Caroline Mary Scott sits on a swing with two of her dogs at the Drennen-Scott house in about 1920. Scott, a great-granddaughter of John Drennen, considered to be the founder of Fort Smith, was especially fond of Great Danes and Airedale terriers.

He knows the name of Caroline Mary Scott's Great Dane was Lady Polka Dot.

He knows the Missouri Pacific Railroad in the early 1900s operated a roundhouse and turntable in the city to repair locomotives and cars.

And he knows, that for filming of the 1995 western film Frank and Jesse, the pavement of Main Street in Van Buren was covered with dirt, returning the historic downtown to the 19th-century community visited by the outlaw band led by brothers Jesse and Frank James.

Arcadia Publishing of South Carolina made the right choice to author the Images of America volume about Van Buren. Wing serves as an assistant professor of history at the University of Arkansas-Fort Smith and director of the university-owned Drennen-Scott Historic Site, and he starts the book with a brief but complete history of Van Buren in the introduction. He then included chapters on transportation, natural disasters that devastated parts of town, Main Street and historic homes and people important to the town which stands on the north side of the Arkansas River.
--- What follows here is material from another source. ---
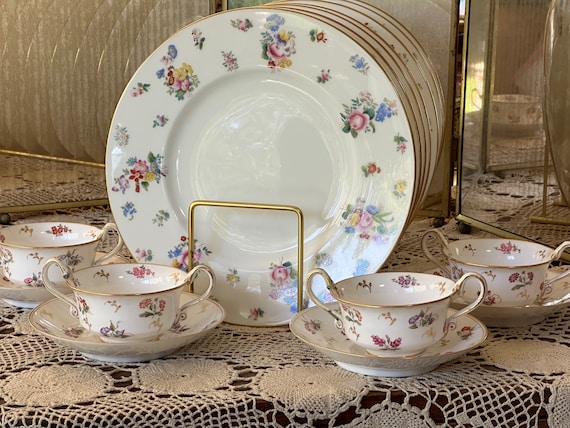 Antique Minton China Set: Floral Dinner Plates & Soup Bowls, 1891-1932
"From prehistoric times to the present, the site of Van Buren has seen a constant flow of goods, services, raw materials and agricultural products move in every direction," Wing concluded the book's introduction. "In earlier times, people have traveled by foot, horse, boat and rail, but more recently, cars and trucks testify to the value and significance of the interstate system. All the movement and economic activity described here and chronicled in these photographs tell the story of Van Buren: survivor of war, floods and tornadoes, that is river town, rail junction and crossroads of a nation."

BUILDING BRIDGES

But in research for the book, Wing discovered he didn't know it all.
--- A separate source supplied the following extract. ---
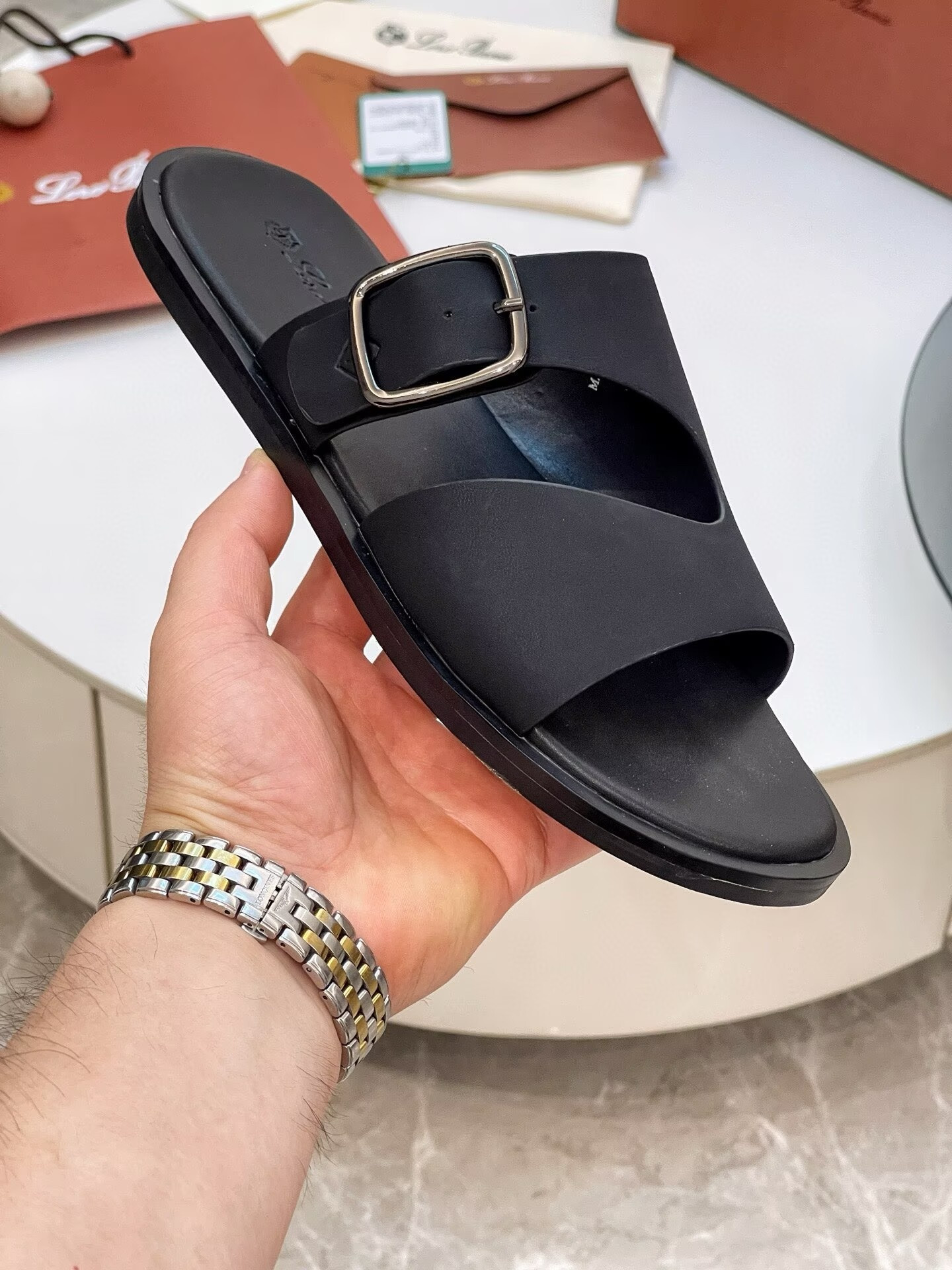 ua L**o p*ana sandals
"I learned a lot about building bridges when writing that chapter," he said. "The railroads came in the 1870s, but the bridge was not completed until 1885. For 10 or 15 years, a ferry shuttled two or three cars at a time across the river."

"The railroad first came to Van Buren in 1876 with the opening of the Little Rock and Fort Smith Railroad," Wing recorded in the book. "Transfer across the river was accomplished by the use of a double-ended side-wheeler (steamboat), the Harold B. In 1882, the Saint Louis-San Francisco Railroad Company (the Frisco) established service through Van Buren and Fort Smith. The side-wheeler transfer across the river continued for only a short time due to increased traffic and demand.

"In 1885, the Fort Smith and Van Buren Bridge Company was created to remedy the situation and completed the bridge a year later," the book reads. "The chief of engineers for the U.S. Army declined the first two proposals for the bridge, citing location, bridge height and current of the river. A compromise was eventually reached."

The Van Buren installment of Images of America presents a detailed photographic record of the construction of the bridge, from early surveyors outside the construction office to a 1920s picture looking south over the bridge taken from the front yard of the Drennen-Scott house.

"John Drennen, who founded Van Buren, owned the land surrounding the ferry landing and sold it to the railroad," Wing said.

The pictures of the bridge construction were most recently in the collections of the Cornell Railroad Historical Society, according to Wing. Society staff contacted Hawkins Weir Engineering in Fort Smith, and Larry Weir shared the pictures with Wing in 2004. Wing, in turn, used high-resolution enlargements to see fences and gardens around the Drennen-Scott house and was able to restore parts of the house and yard from those photographs.

"Looking at the pictures of the river from the Fort Smith side, I noticed the bridge was in a straight line with the Drennen-Scott house (which stands on a bluff above the river)," Wing said. "It only made sense to use them in the book. They've never been published, and they are old enough to be in public domain. You can see the clock tower of the Crawford County Courthouse, the skyline of Van Buren.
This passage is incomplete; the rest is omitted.